If I did toss my 667 and install two 800s, would my machine be able to run the memory at 800MHz, or is my laptop's motherboard limited to 667MHz of RAM speed? Is there a noticeable difference between the two speeds for most apps?


----------



## GZ (Jan 31, 2010)

*Re: Can I use the wrong type of RAM in my laptop?*

The machine will still downclock the RAM, but the difference in speeds (likely voltages and timings as well) can cause system instability and unforseen issues. It is always best to have matched DIMMs.


----------



## Rich-M (May 2, 2007)

*Re: Can I use the wrong type of RAM in my laptop?*

Mixing different ram for speed and model and brand, gives the highest likelihood of incompatibility.


----------



## Tyree (May 10, 2009)

*Re: Can I use the wrong type of RAM in my laptop?*

I would also suggest trying Crucial's site. Crucial is the best option for OEM/standrad use and has a very high likelihood of compatibility.


----------



## joeten (Dec 4, 2008)

*Re: Can I use the wrong type of RAM in my laptop?*

I would take the advice here as being in your best interest crucial is your best answer


----------



## gumbyy (Mar 11, 2009)

*Re: Can I use the wrong type of RAM in my laptop?*

Thanks again. I'll see if i can trade in my 667 and get 2 800s. I can't mail order Crucial memory, the shipping and import taxes would make it ridiculously expensive.


----------



## gumbyy (Mar 11, 2009)

*Re: Can I use the wrong type of RAM in my laptop?*

By the way, the System Information for Windows utility tells me that my existing 667 memory is running at only 333 MHz. Why is that?


----------



## gcavan (Aug 13, 2009)

*Re: Can I use the wrong type of RAM in my laptop?*

333 MHz is the clock speed. DDR memory cycles on the rising and falling sides of each clock cycle to give a memory speed of 666 MHz Thus its name; *D*ouble *D*ata *R*ate.


----------



## gumbyy (Mar 11, 2009)

*Re: Can I use the wrong type of RAM in my laptop?*

Okay. Thanks for explaining.


----------



## gumbyy (Mar 11, 2009)

*Re: Can I use the wrong type of RAM in my laptop?*

Can I install a 2 GB module instead of a 1 GB? I read somewhere that if you have two slots you should install the same capacity RAM in each one. So since I have 1 GB in one slot, I shouldn't try to put a 2 GB module in the other slot to bring total to 3 GB?


----------



## gcavan (Aug 13, 2009)

*Re: Can I use the wrong type of RAM in my laptop?*

No reason why you cannot. 

For best results both DIMM's should be identical, but it is not mandatory. What will most likely happen, Windows will accept and use all 3GB but only the 1GB DIMM and the first 1GB of the 2GB DIMM will operate in dual channel mode. You may take a slight (probably not noticeable) hit in memory access time over what it would be if 2 x 2GB were used.


----------



## gumbyy (Mar 11, 2009)

*Re: Can I use the wrong type of RAM in my laptop?*



gcavan said:


> No reason why you cannot.
> 
> For best results both DIMM's should be identical, but it is not mandatory. What will most likely happen, Windows will accept and use all 3GB but only the 1GB DIMM and the first 1GB of the 2GB DIMM will operate in dual channel mode. You may take a slight (probably not noticeable) hit in memory access time over what it would be if 2 x 2GB were used.

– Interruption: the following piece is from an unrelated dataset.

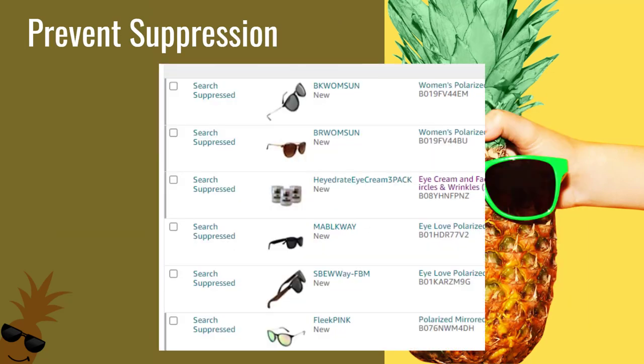You can also potentially reduce customer returns. Customers often return products due to a lack of critical product information on the detail page, so you're just giving them more details.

Thanks gcavan. Well I am running XP and I don't know anything about dual channel mode or other RAM technical stuff. If I install a 2 GB module in there, to bring the total to 3 GB, will I get the performance benefit of the third GB or not? If not, there's no reason to spend the extra money on a 2 GB module and I will just buy a 1 GB.


----------



## Rich-M (May 2, 2007)

*Re: Can I use the wrong type of RAM in my laptop?*

Yes you will see a difference and it will be worth it. Dual channel will give you better performance using the same exact ram in 2 slots, but 3 gb will give your more responsiveness than 2 used that way.


----------



## gumbyy (Mar 11, 2009)

*Re: Can I use the wrong type of RAM in my laptop?*

Thanks, Rich-M


----------



## Rich-M (May 2, 2007)

*Re: Can I use the wrong type of RAM in my laptop?*

Welcome.


----------